The Furka Pass was my first morning in Switzerland, and it set expectations that nothing for the rest of the week managed to disappoint. From Realp on the eastern side, the pass rises for 14 kilometres through progressively more dramatic mountain scenery until you arrive at the Rhône glacier — or what remains of it, the ice now visibly retreating year by year, wrapped in white thermal blankets in a heartbreaking attempt at preservation. The view from the top, across to the Grimsel and the Bernese Oberland, is one that rearranges the furniture in your head about what the world looks like.

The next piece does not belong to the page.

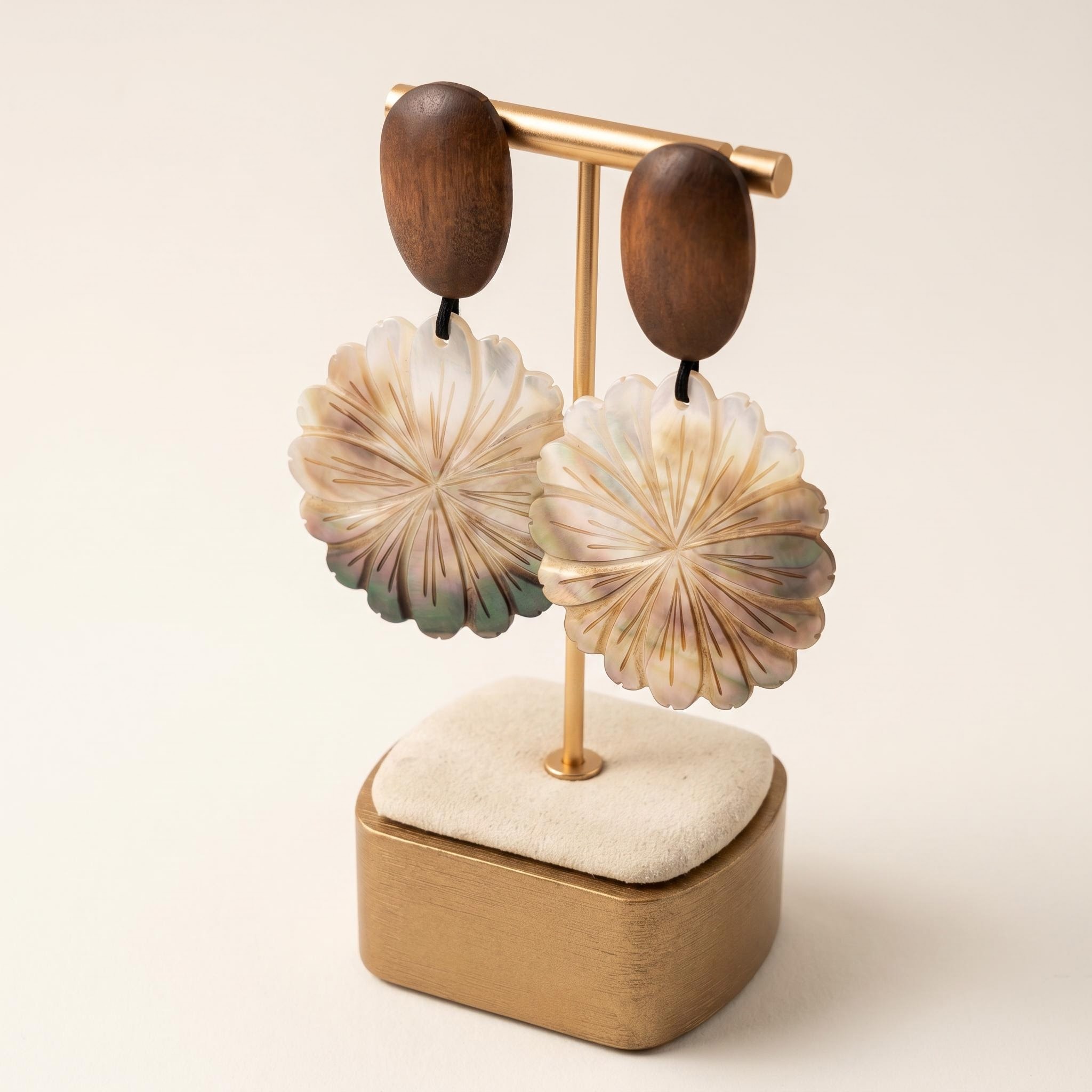 Wood-Like Floral Shell-Inspired Statement Earrings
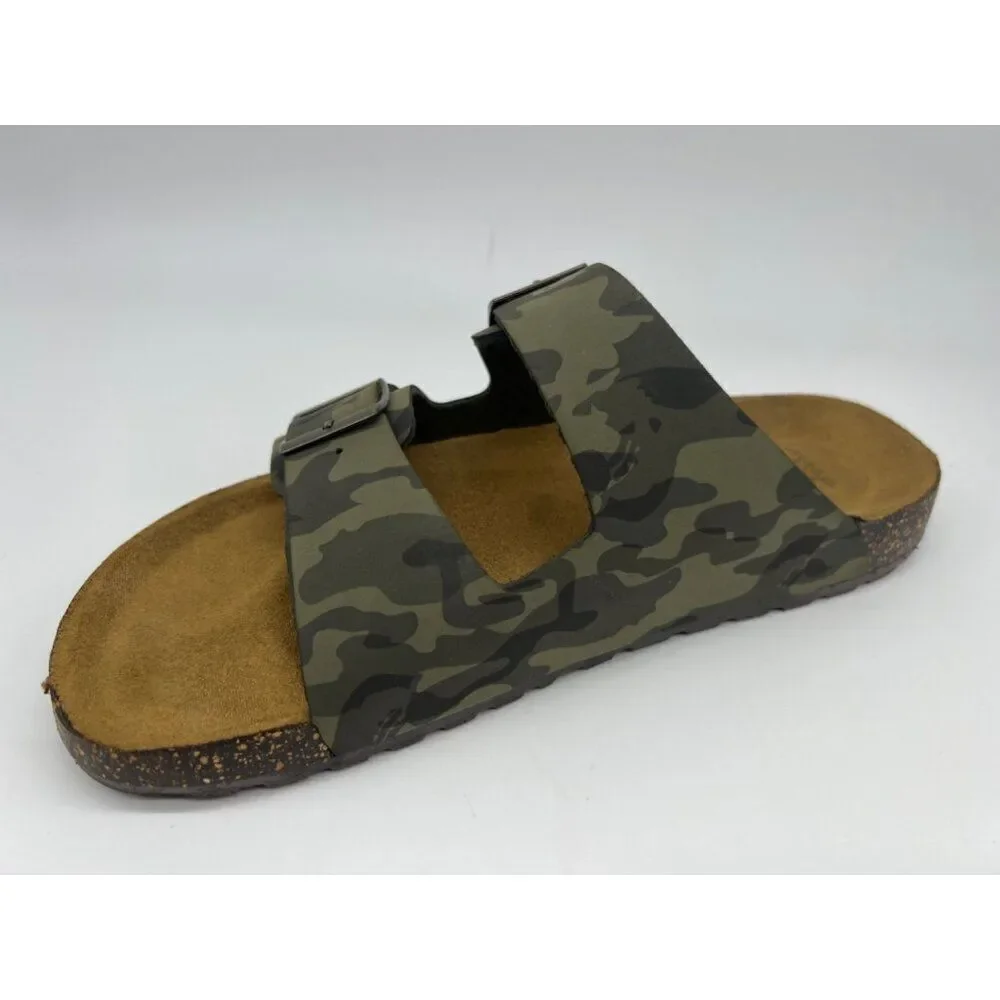 George Men’s Comfort Soft Footbed Camo Green Sandals Size 10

The Grimsel: Switzerland's Hidden Masterpiece
If the Furka gets the postcards, the Grimsel Pass gets the cyclists. Less famous outside Switzerland, it is in many respects the superior climb — 26 kilometres of consistently excellent road from Innertkirchen, winding past a series of turquoise reservoirs and through tunnels of solid granite before cresting at 2,164 metres above the Totensee lake. The surface is, impossibly, even better than the Furka.
"Swiss roads are what happens when a country decides that infrastructure is not a cost to be minimised but a standard to be maintained. Every pothole fixed promptly, every surface repaved on schedule. For a cyclist, this attention to detail is not a luxury — it is transformative."
The Gotthard Pass — the historic route connecting northern and southern Europe — carries more traffic than the other passes but compensates with history. The old cobbled road, the Via Tremola, runs parallel to the modern tarmac and is open to cyclists. Sixteen kilometres of original 17th-century stone setts, rough and bone-juddering and absolutely spectacular. I rode it both ways — masochism, perhaps, but no regrets.
The Practical Brilliance of Switzerland
The Swiss train network means that any itinerary can be shaped creatively — ride the hard climbs, take the train through the valley. I used it three times without shame and arrived at each day's starting point fresh. The combination of cycling and public transport makes Switzerland uniquely flexible for self-guided riding.
Yes, it is expensive. The reward is that virtually nothing goes wrong, the food is excellent, and the roads make you feel as though you are riding in a commercial for cycling itself.